The American Society for Testing and Materials (ASTM) has completed their revisions for an update to the most widely-used standard for Phase I Environmental Site Assessments (ESAs). The new standard, ASTM E-1527 13, was released on November 6th, 2013.
UPDATE: The new standard is expected to complete its EPA approval process by late 2013 or early 2014. ASTM released the new standard on November 6th, 2013, however Weber, Hayes and Associates will not be implementing the new standard until the review is complete.
Weber, Hayes and Associates has reviewed the significant revisions being proposed and is prepared to provide thorough, high quality Phase I ESAs in full compliance with the new standard. Currently, Weber, Hayes and Associates already includes several of the items that will be added with the updated standard with our Phase I ESA package, including local and state agency file reviews and a screen for vapor encroachment conditions.
The proposed revisions seek to simplify and clarify language and definitions at the heart of the standard, particularly around what qualifies as a Recognized Environmental Condition (REC), what qualifies as a Historical Recognized Environmental Condition (HREC) and it introduces a new term, the Controlled Recognized Environmental Condition (CREC). Generally speaking, these changes seek to provide greater clarity in identifying whether an environmental condition currently represents an immediate risk to a property, or that the identified risks have been addressed under regulatory oversight and do not constitute a significant risk at present.

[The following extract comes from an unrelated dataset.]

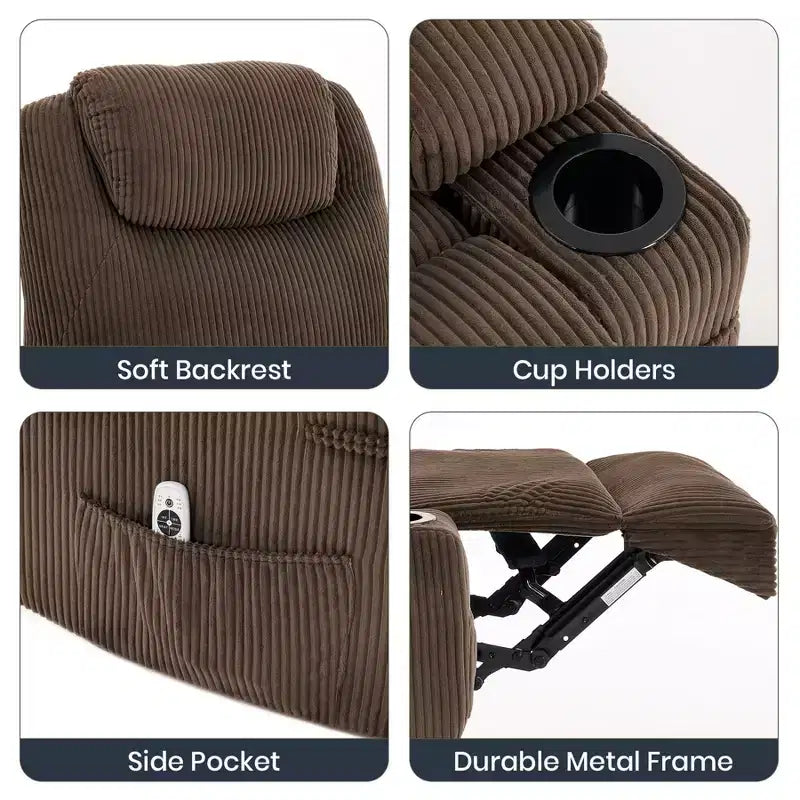 Poltrona reclinabile elettrica in velluto a coste con sollevamento elettrico, reclinazione a 155°, massaggio, riscaldamento, doppi portabicchieri e funzione di assistenza in piedi, sedia ergonomica confortevole per anziani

Other updated areas to be found in ASTM E-1527 13 include:
- Language discussing how to evaluate for Vapor Encroachment Conditions (VECs), and provides a more refined definition of the term “migration”. In addition, indoor air quality was previously considered outside of the scope of a Phase I ESA, but considering the addition of the VEC review, indoor air quality can now be assessed in relation to vapor intrusion/migration effects from petroleum and other volatile chemical plumes at or in the Site vicinity.
- A requirement for the environmental professional conducting the assessment to complete local and state agency regulatory file reviews if the target Site or adjoining properties appears in regulatory databases identifying these properties as having a record of a petroleum product or hazardous material release, as being a generator of hazardous waste or other regulatory signifiers.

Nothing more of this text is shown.